"""

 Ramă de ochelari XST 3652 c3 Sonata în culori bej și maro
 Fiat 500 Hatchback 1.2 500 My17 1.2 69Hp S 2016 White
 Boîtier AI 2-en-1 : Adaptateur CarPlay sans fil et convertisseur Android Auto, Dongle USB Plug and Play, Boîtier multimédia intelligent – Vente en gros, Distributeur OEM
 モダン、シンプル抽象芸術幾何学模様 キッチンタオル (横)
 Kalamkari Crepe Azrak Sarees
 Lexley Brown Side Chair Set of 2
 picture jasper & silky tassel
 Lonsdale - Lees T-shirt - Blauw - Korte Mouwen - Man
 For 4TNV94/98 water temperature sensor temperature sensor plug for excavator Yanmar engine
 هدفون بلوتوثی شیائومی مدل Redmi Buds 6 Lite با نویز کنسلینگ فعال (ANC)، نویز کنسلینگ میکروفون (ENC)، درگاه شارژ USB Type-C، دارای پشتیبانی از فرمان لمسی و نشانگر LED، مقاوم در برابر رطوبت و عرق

"""

Would you reproduce the material above exactly as it reads?

 Ramă de ochelari XST 3652 c3 Sonata în culori bej și maro
 Fiat 500 Hatchback 1.2 500 My17 1.2 69Hp S 2016 White
 Boîtier AI 2-en-1 : Adaptateur CarPlay sans fil et convertisseur Android Auto, Dongle USB Plug and Play, Boîtier multimédia intelligent – Vente en gros, Distributeur OEM
 モダン、シンプル抽象芸術幾何学模様 キッチンタオル (横)
 Kalamkari Crepe Azrak Sarees
 Lexley Brown Side Chair Set of 2
 picture jasper & silky tassel
 Lonsdale - Lees T-shirt - Blauw - Korte Mouwen - Man
 For 4TNV94/98 water temperature sensor temperature sensor plug for excavator Yanmar engine
 هدفون بلوتوثی شیائومی مدل Redmi Buds 6 Lite با نویز کنسلینگ فعال (ANC)، نویز کنسلینگ میکروفون (ENC)، درگاه شارژ USB Type-C، دارای پشتیبانی از فرمان لمسی و نشانگر LED، مقاوم در برابر رطوبت و عرق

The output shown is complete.